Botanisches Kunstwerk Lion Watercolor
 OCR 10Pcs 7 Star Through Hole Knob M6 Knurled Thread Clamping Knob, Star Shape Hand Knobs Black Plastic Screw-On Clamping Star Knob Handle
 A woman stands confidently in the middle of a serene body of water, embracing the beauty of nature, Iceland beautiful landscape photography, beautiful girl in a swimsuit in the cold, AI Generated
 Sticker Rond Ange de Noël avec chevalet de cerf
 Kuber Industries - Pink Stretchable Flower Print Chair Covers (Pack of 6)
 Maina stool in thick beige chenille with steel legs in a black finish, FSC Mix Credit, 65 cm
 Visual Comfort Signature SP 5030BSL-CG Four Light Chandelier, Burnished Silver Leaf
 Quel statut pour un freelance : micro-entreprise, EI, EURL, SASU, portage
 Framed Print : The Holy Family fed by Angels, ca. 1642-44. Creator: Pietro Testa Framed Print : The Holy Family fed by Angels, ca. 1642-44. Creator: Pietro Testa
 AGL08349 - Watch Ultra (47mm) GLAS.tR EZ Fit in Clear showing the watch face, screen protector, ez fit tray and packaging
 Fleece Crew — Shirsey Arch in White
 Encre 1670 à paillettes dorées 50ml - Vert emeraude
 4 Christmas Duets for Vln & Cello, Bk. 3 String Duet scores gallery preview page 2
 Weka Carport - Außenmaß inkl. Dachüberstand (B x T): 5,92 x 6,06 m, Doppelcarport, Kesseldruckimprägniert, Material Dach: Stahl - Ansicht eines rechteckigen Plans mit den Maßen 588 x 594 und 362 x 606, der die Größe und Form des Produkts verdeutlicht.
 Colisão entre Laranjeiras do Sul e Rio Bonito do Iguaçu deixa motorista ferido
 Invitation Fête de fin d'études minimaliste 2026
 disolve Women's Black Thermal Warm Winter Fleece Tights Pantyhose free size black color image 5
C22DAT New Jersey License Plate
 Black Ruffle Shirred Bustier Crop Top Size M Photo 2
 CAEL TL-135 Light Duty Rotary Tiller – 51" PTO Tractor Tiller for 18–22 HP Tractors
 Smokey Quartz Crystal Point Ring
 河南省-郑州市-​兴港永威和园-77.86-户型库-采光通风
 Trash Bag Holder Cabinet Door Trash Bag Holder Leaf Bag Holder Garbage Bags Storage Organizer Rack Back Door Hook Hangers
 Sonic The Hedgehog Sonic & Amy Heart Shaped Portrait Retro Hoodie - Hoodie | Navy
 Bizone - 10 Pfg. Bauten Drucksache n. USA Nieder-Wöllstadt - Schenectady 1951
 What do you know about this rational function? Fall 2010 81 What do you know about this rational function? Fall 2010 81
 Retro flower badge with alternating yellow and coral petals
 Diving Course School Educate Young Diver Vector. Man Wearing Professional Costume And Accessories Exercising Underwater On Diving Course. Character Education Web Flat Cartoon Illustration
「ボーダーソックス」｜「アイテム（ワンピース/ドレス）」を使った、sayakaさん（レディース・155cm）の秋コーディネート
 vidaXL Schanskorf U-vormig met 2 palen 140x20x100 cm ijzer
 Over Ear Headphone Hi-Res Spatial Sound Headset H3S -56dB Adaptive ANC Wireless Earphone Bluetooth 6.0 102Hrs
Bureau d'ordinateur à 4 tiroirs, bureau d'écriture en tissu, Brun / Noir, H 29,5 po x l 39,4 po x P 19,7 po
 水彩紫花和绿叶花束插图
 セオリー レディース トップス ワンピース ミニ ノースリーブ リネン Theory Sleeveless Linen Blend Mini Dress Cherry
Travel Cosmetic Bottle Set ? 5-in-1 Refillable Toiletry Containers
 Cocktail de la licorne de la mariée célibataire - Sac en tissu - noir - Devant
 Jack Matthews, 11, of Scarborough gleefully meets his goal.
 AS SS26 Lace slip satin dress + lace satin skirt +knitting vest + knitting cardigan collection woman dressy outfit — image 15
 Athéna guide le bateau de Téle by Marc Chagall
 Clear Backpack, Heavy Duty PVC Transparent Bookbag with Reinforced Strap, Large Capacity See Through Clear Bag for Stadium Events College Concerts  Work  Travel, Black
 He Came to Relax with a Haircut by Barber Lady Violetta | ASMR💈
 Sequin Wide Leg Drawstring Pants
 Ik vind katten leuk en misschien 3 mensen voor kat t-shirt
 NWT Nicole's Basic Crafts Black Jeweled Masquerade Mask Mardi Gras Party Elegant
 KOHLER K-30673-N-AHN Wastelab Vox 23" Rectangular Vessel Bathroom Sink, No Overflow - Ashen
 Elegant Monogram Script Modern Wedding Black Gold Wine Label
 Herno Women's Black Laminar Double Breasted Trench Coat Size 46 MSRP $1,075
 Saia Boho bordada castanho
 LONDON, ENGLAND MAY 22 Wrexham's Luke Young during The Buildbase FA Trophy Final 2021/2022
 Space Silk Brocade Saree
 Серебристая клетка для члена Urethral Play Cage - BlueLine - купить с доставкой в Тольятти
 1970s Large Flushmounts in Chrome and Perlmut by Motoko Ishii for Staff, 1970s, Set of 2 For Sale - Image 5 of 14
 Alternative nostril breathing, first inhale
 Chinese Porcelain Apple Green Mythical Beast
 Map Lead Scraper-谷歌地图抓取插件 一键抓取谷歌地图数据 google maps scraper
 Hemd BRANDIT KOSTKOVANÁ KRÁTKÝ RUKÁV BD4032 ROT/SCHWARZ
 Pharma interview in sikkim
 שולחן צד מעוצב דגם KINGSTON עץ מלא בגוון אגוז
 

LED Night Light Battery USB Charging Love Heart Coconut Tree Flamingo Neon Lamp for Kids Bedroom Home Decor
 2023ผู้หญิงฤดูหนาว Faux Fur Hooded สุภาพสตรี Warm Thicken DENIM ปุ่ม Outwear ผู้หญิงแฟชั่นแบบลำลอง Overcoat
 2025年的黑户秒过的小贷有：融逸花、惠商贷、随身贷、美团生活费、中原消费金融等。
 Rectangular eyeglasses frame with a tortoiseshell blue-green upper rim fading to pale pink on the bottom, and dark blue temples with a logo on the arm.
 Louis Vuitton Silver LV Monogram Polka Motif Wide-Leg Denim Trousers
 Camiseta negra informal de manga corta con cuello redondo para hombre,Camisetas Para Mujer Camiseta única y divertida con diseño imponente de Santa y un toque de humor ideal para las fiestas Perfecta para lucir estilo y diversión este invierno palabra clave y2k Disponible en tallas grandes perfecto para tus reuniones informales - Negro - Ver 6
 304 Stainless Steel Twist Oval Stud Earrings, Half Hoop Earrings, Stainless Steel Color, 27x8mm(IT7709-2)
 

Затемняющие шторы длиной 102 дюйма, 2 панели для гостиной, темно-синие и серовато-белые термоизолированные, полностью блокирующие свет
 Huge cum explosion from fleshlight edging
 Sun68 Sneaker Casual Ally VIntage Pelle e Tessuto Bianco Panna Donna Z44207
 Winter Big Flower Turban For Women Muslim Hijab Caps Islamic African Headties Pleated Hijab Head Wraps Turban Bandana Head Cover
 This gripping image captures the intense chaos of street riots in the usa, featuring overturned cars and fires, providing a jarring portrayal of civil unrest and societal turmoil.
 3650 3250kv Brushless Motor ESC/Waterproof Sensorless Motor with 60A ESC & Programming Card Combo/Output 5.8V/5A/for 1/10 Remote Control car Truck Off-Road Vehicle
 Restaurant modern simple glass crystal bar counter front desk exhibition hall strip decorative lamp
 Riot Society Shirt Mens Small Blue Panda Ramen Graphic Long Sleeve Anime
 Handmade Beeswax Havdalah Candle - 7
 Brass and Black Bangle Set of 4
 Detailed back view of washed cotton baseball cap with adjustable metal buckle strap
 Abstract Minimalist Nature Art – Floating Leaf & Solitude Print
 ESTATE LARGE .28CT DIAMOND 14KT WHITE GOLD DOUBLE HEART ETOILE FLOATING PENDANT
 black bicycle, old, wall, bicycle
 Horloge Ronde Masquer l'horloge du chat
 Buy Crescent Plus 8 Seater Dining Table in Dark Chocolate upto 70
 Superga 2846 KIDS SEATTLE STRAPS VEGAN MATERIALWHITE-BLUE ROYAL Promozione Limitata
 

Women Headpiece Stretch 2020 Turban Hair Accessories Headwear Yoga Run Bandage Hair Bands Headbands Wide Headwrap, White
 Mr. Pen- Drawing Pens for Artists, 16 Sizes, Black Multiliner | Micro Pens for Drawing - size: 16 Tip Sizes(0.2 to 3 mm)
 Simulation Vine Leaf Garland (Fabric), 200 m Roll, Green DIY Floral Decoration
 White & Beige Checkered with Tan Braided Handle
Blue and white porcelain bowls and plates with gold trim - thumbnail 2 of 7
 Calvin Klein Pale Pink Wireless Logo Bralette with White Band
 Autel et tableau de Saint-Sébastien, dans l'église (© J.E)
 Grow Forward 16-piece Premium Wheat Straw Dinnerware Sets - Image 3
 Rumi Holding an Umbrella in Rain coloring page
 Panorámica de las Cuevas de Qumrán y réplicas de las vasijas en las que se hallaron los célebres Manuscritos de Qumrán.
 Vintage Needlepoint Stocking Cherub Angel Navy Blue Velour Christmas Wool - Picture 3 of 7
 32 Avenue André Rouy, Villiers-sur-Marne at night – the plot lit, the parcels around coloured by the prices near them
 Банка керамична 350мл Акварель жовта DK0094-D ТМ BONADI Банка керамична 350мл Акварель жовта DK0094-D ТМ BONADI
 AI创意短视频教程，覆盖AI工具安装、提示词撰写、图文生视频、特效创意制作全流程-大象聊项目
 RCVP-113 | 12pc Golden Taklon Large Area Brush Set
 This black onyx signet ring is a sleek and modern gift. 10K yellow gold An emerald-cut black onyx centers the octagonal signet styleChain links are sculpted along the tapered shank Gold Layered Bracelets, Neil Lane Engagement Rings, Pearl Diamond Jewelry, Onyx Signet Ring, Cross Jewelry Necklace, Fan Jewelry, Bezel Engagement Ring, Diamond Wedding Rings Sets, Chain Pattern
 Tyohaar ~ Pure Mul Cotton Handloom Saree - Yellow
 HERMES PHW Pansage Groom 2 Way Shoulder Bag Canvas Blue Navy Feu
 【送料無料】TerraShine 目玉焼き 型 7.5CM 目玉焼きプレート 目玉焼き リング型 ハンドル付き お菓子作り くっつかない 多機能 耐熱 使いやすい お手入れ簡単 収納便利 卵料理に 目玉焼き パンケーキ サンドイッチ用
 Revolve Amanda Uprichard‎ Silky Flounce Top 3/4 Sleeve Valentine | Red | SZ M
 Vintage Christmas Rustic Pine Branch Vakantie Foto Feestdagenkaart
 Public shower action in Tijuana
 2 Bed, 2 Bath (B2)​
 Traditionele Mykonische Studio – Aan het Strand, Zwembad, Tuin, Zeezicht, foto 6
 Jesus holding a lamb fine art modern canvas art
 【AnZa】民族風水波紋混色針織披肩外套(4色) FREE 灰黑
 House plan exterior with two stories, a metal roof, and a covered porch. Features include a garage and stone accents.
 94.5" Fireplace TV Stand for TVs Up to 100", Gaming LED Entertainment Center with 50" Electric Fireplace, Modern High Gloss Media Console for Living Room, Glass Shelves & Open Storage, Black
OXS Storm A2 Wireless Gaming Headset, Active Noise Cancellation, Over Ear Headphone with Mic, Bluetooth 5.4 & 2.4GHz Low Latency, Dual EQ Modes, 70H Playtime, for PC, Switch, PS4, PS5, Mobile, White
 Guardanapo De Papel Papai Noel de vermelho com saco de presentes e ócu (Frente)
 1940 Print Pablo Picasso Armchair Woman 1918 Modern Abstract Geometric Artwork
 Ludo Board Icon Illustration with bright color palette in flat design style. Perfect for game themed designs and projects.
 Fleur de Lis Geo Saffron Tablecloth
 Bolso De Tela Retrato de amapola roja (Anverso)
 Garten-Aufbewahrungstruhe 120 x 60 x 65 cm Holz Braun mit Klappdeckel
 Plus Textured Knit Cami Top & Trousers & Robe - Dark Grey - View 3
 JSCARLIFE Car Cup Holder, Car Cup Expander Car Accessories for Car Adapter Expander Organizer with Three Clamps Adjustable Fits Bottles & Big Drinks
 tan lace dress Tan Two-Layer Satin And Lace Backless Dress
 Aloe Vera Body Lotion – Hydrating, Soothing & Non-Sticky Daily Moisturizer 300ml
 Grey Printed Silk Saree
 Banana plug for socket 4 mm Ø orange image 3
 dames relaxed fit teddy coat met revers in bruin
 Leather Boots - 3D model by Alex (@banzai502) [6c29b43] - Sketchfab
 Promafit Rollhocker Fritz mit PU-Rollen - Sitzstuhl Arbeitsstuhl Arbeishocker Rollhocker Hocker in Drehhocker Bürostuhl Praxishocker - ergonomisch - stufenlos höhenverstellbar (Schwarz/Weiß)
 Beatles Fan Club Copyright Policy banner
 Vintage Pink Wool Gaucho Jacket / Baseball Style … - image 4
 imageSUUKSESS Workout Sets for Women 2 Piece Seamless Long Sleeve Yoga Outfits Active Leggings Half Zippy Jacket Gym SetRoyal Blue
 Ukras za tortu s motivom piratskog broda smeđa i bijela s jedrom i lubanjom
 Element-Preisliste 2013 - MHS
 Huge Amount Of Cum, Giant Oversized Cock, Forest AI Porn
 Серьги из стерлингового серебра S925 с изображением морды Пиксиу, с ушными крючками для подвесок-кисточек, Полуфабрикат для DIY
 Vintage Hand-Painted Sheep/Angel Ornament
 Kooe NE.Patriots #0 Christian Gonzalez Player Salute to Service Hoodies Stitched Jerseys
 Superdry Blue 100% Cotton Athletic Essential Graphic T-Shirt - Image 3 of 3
--------------------------------
● **TASK GOAL**:
Say how many lines in the records contain the word "Holder". Nothing but the number is required.

● **RESPONSE**:
2